Given the Manchin kerfuffle over the weekend, it’s hard to know just which way the backlash will hit—48 Democrats brow-beating those two into submission, or those two completely digging in on their positions.
What we do know for sure is that if voting rights and election reforms aren’t passed right away, Congress and probably the White House are lost for the foreseeable future. Republican-led states are making sure of that.
In addition to the 34 new state laws to restrict voting that passed in 2021 in 19 states (out of more than 440 bills introduced in 49 states), more than a dozen new restrictions have been profiled by Republican legislators in Arizona, Missouri, New Hampshire, and South Carolina.
Republican legislators in Florida, Missouri, New Hampshire, South Carolina, and Tennessee are to allow partisan ballot review and nine states will bring up a total of 88 restrictive bills held over from the last legislative session.
Why they’re doing this is no mystery. Even Trump gets it.
Republicans have to cheat to continue to win. And they will. Happily and with gusto. With violence, too, as Jan. 6 attests.

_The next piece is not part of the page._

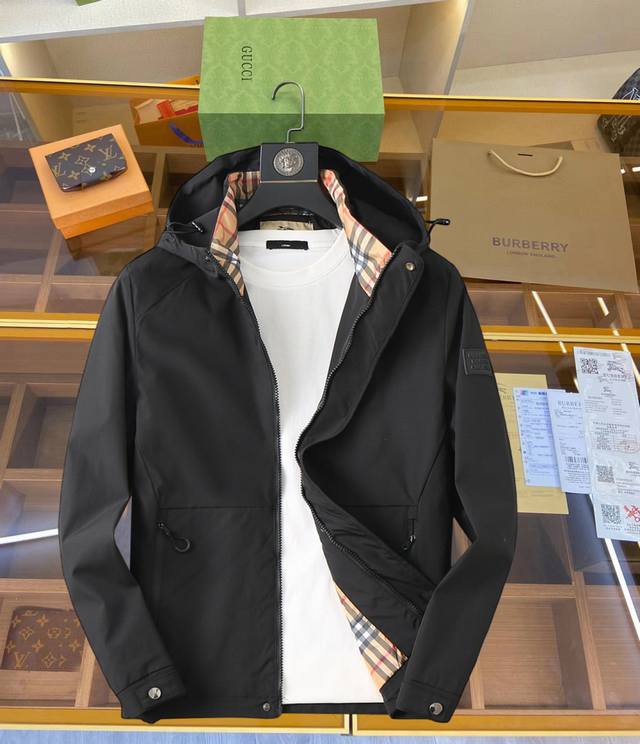 巴宝莉 官网同款三标齐全提前发售！2025春秋新款男士夹克外套，原单三标齐全高端版本！专柜定制面料 透气舒适度高，细节无可挑剔，品牌元素设计理念，体现高品质。手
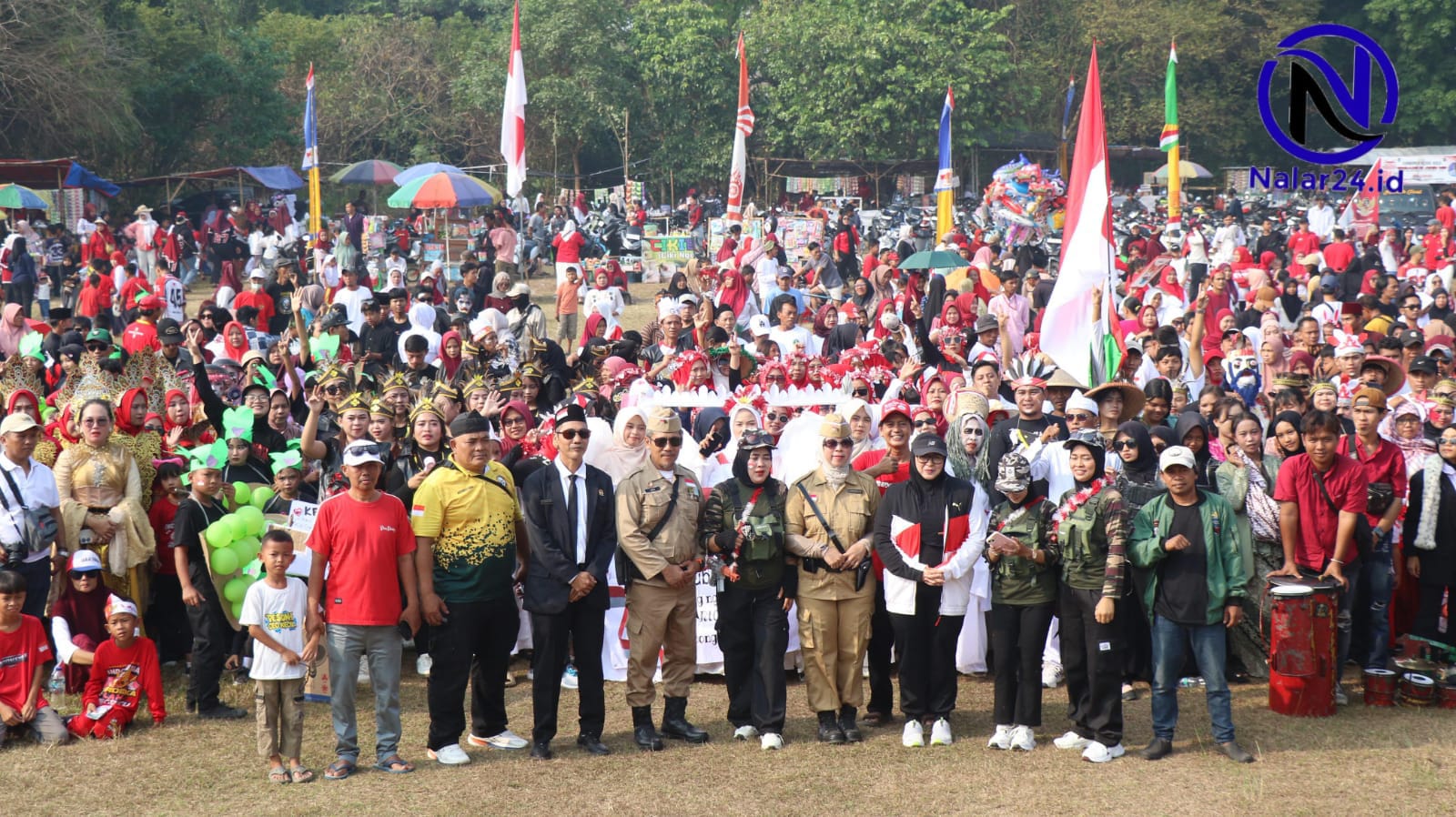 Ribuan warga Desa Gembong berfoto bersama dengan berbagai kostum unik saat karnaval HUT ke 81 RI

“There is a continual drumbeat from the former president that the election was stolen—this is an issue that state legislators feel pressure from Trump from above and from the base from below that’s demanding that steps be taken,” Rick Hasen, a professor and election law expert at the University of California at Irvine told NBC News. “So this is an issue that’s going to remain, unfortunately, front and center.”
Wendy Weiser, the vice president of the Democracy Program at the Brennan Center, told NBC: “What we’ve seen passed this year is more than a third of all the voting restrictions that have passed in the last decade happened this year.” They are clearly designed to eliminate Democratic-leaning voters, she added. “The way a lot of these voting restrictions work, they work by making it harder just for a subset of the electorate to vote—and that tends to disproportionately be voters of color, sometimes students, but they’re very targeted,” Weiser said.
The Freedom to Vote Act that Schumer wrote about in his letter was crafted by a group of Senate Democrats including Manchin. While it’s not as expansive as the For the People Act passed by the House, which Manchin opposes, it’s a robust bill and has been endorsed by all the voting rights and election reform advocates. Manchin has invested time and effort into this bill. He also supports the John R. Lewis Voting Rights Advancement Act. Both have been repeatedly filibustered by Republicans.
Which also means that this isn’t the first time we’ve heard Schumer’s tough talk about forcing votes. Senate Democrats have been working on a filibuster reform plan this fall, keeping Manchin in the loop. The question now is whether Manchin is prepared to burn all his bridges and accept Mitch McConnell’s invitation, or whether he’s smart enough to realize he’s got the nation’s future in his hands and can either go down in history as the one person responsible for saving it or destroying it.